Alberto Bassetti – Une question difficile. Je pense que c’est d’avoir une conscience propre, pas sale et savoir qu’on fait ce qu’on veut. C’est ça le bonheur. On peut dire deux mille choses, la santé, la famille etc. mais vraiment c’est la conscience de vivre la vie qu’on voulait faire. Pour moi, c’est cela. J’ai fait beaucoup d’erreurs dans ma vie. Je n’ai pas eu assez confiance en moi-même mais en tout cas, je voulais faire du théâtre et je fais du théâtre. Réussir à être soi. Comme l’a dit Socrate « Connais-toi toi-même ».
Le poète et le Guerrier, le mot de avec Serge Barbuscia, metteur-en-scène
« On s’était rencontré avec Alberto Bassetti, il y a quelque temps. Il avait écrit un texte sur Pirandello. Je suis très ému aujourd’hui car c’est un jour terrible. Je voulais ne pas être là, je ne vous le cache pas. Je pensais aller à la manifestation. Je vous remercie d’être là. Je suis là aussi avec vous. Notre métier est fait de deux axes essentiels : résister et transmettre. C’est aussi ce que font les enseignants depuis très longtemps. Ils résistent dans une société qui se délite de plus en plus et continuent à transmettre, à transmettre des valeurs. Si vous voulez, nous pouvons prendre ensemble une minute pour penser à cet homme qui a subi une telle barbarie. C’est honteux. J’ai honte. J’ai honte pour l’humanité. On n’a pas de mot, sinon qu’il faut que ça s’arrête. Il faut sauvegarder ce qui est pour nous essentiel, la liberté d’expression. Pensons à Samuel Paty.
Ce soir j’ai deux acteurs que j’adore : Salvatore Caltabiano et Guillaume Lanson. Ils ont fait le maximum pour que le texte vienne jusqu’à vous. Ce n’est pas un texte facile en lecture. Là il fallait faire un effort particulier. »

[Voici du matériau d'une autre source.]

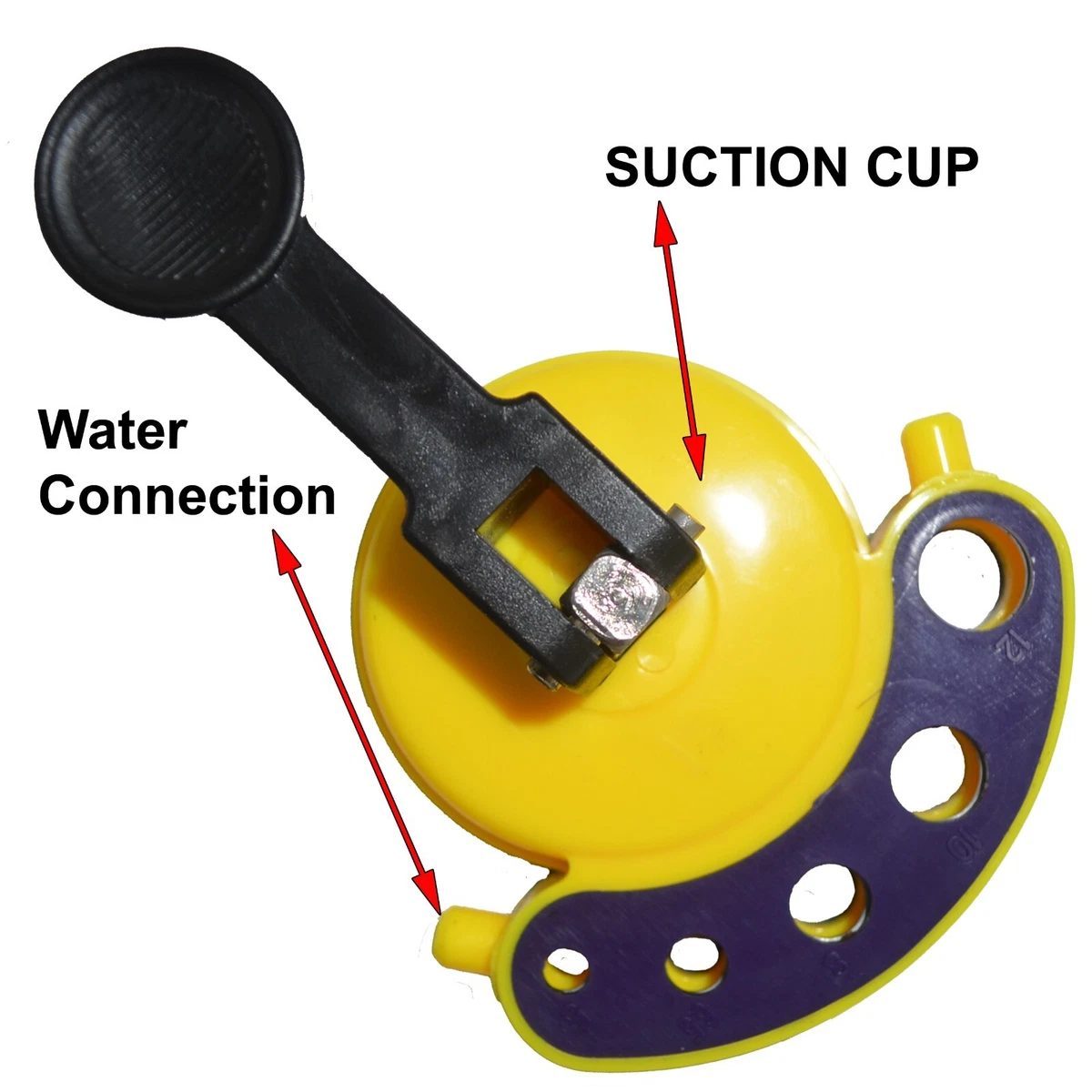 Diamond hole outlet saw guide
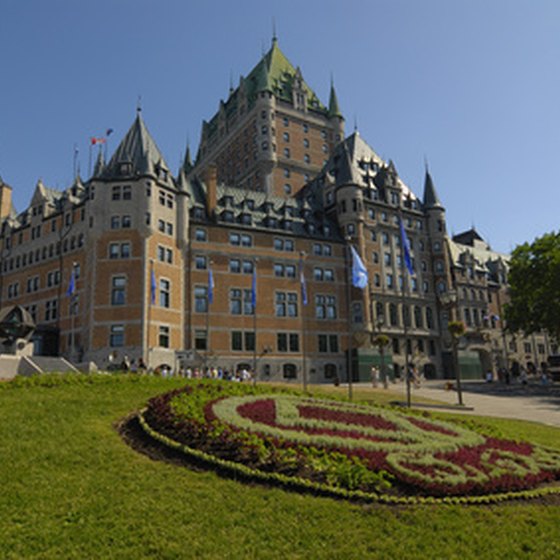 Quebec has a unique Canadian history that is very much its own.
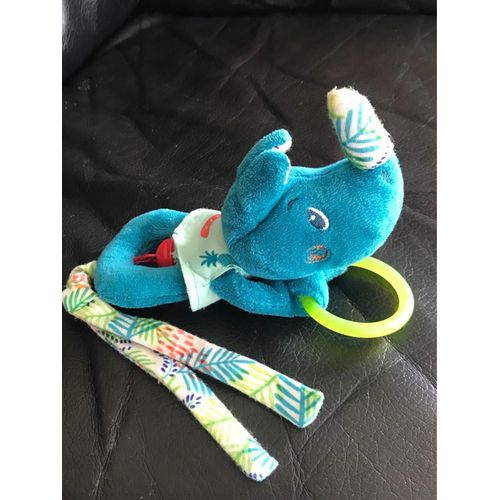Doudou Jouet D'eveil Marius Lilliputiens 15cm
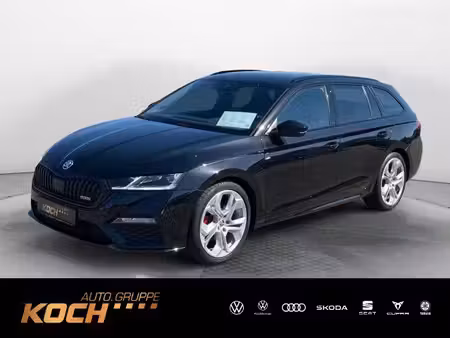 Škoda Octavia RS 2.0 TDI 200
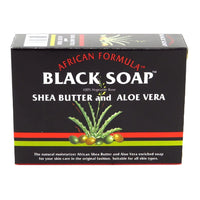 Thumbnail for Black Soap - African Formula Cosmetics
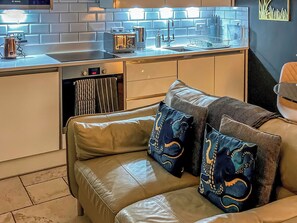 Open plan living space | The Dovecote, Stoke Bruerne, near Towcester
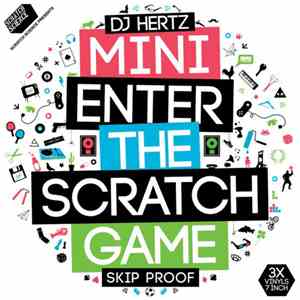 DJ Hertz - Mini Enter The Scratch Game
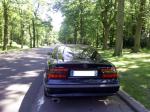 Opel calibra - Miniature
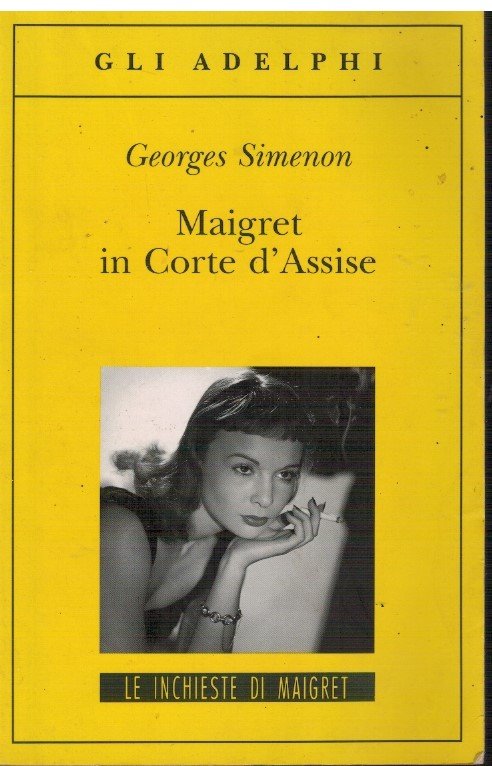 Maigret in Corte d'Assise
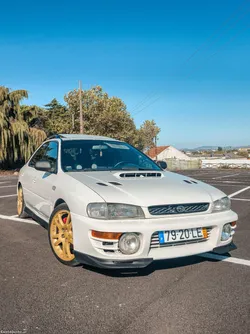 Subaru Impreza GF8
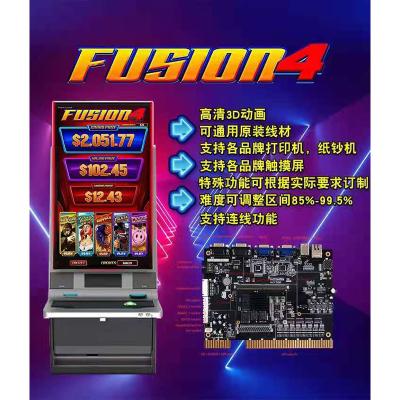 China Casino Mall Slot Game Jackpot System For Casino Technology Mode Original Screen Display Double Place Model Borden XVGA TZS for sale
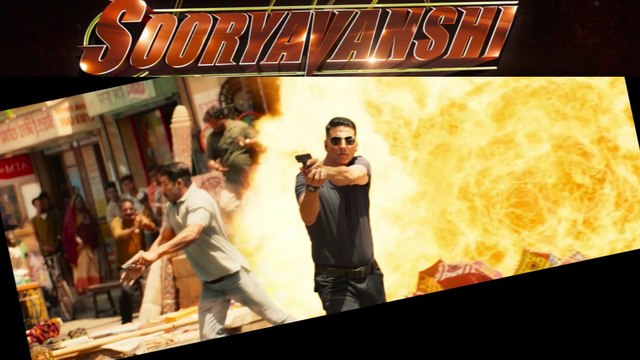 Sooryavanshi Trailer Akshay K, Ajay D, Ranveer S, Katrina K - Rohit Shetty - 24th March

Le poète et le Guerrier, une pièce de théâtre puissante
Avec cette pièce, Alberto Bassetti rend l’humanité à deux grands hommes. Ce ne sont plus des noms illustres à retenir, à honorer, mais deux hommes, qui, à un moment donné, dans ce théâtre du monde, ont réfléchi, ont acté leur position, quelles qu’en soient les conséquences. A et B, ce peut être moi, ce peut être toi. Cet anonymat rend possible sa propre projection dans le personnage. En plus du plaisir partagé, des moments d’humour, de la découverte intime de l’amitié entre ces deux individualités qui se rejoignent dans un idéal fraternel, c’est à un moment de réflexion intense que nous sommes conviés sans le savoir. Quand le spectateur est surpris, qu’il s’interroge tout en savourant son plaisir, c’est cela le théâtre, c’est cela la culture.
En citant Socrate, ‘Connais-toi toi-même’, Alberto Bassetti épouse la signification que Socrate lui-même donne à ce précepte : « Sache qu’il y a en toi un principe d’excellence qui doit guider tes actions : la raison ». C’est, ajoutée à son génie, ce qui fait de Bassetti un grand auteur et un citoyen du monde dans toute l’acception du terme.